What is needed is an exact copy of every entry below, minus the images.

### Extracted data entries
- Opening Delimiter -

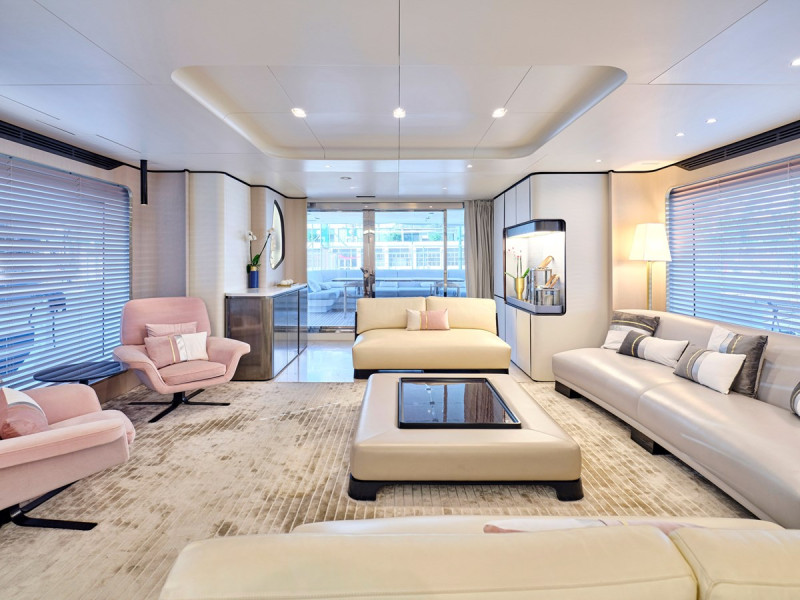 GRANDE 32 METRI 2019 AZIMUT YACHTS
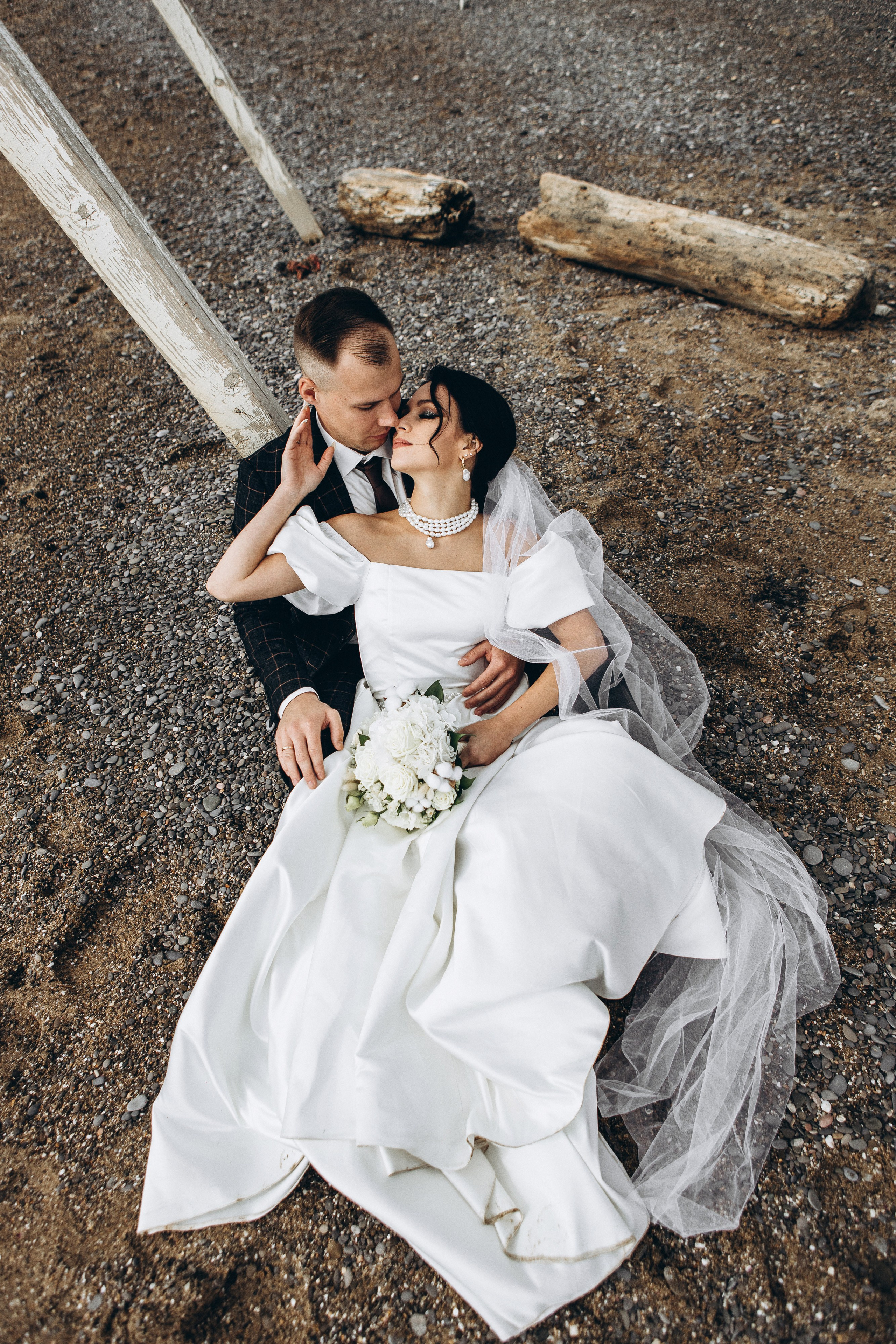 Свадебные съемки. Свадебный фотограф в Крыму Алексей Карасёв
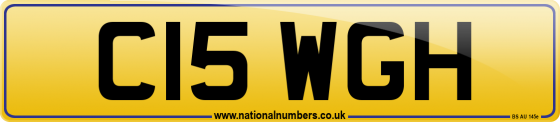 C15 WGH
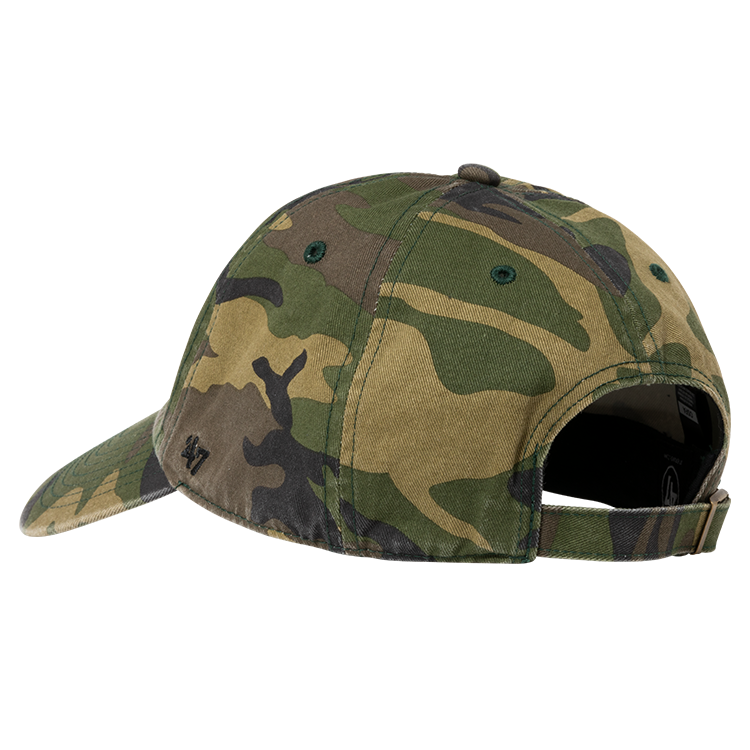 Gibson Camo '47 Clean Up Hat
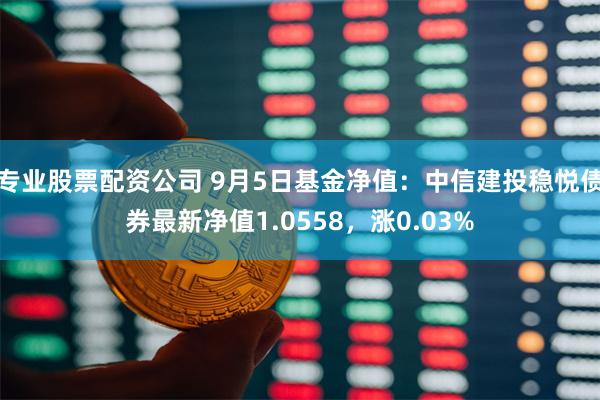 专业股票配资公司 9月5日基金净值：中信建投稳悦债券最新净值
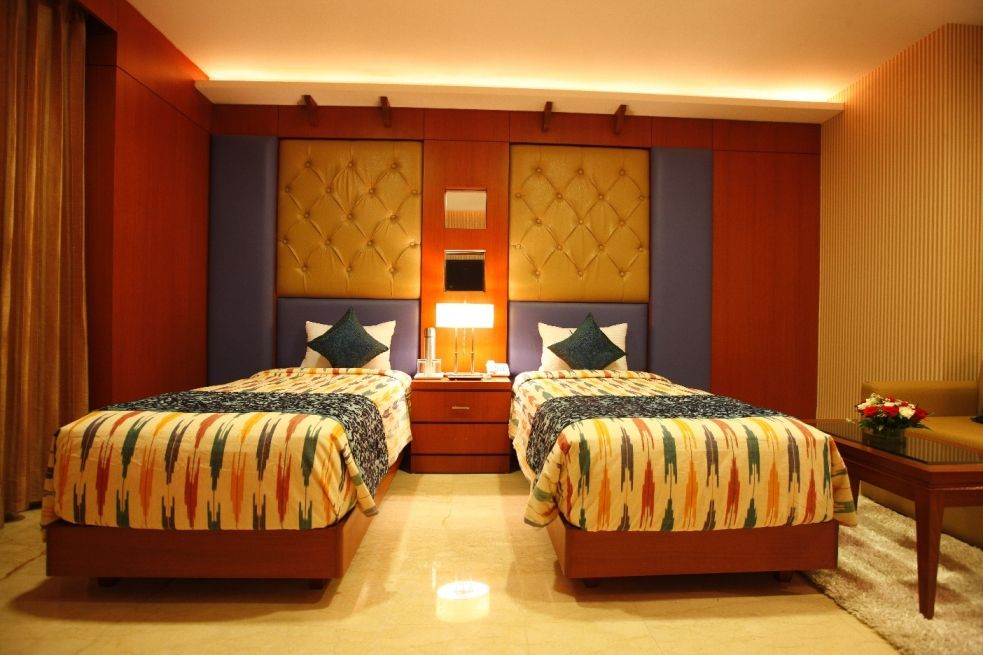 Hotel Star Rocks 뉴델리 객실 사진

- Closing Delimiter -

### Answer to this exercise
 GRANDE 32 METRI 2019 AZIMUT YACHTS
 Свадебные съемки. Свадебный фотограф в Крыму Алексей Карасёв
 C15 WGH
 Gibson Camo '47 Clean Up Hat
 专业股票配资公司 9月5日基金净值：中信建投稳悦债券最新净值
 Hotel Star Rocks 뉴델리 객실 사진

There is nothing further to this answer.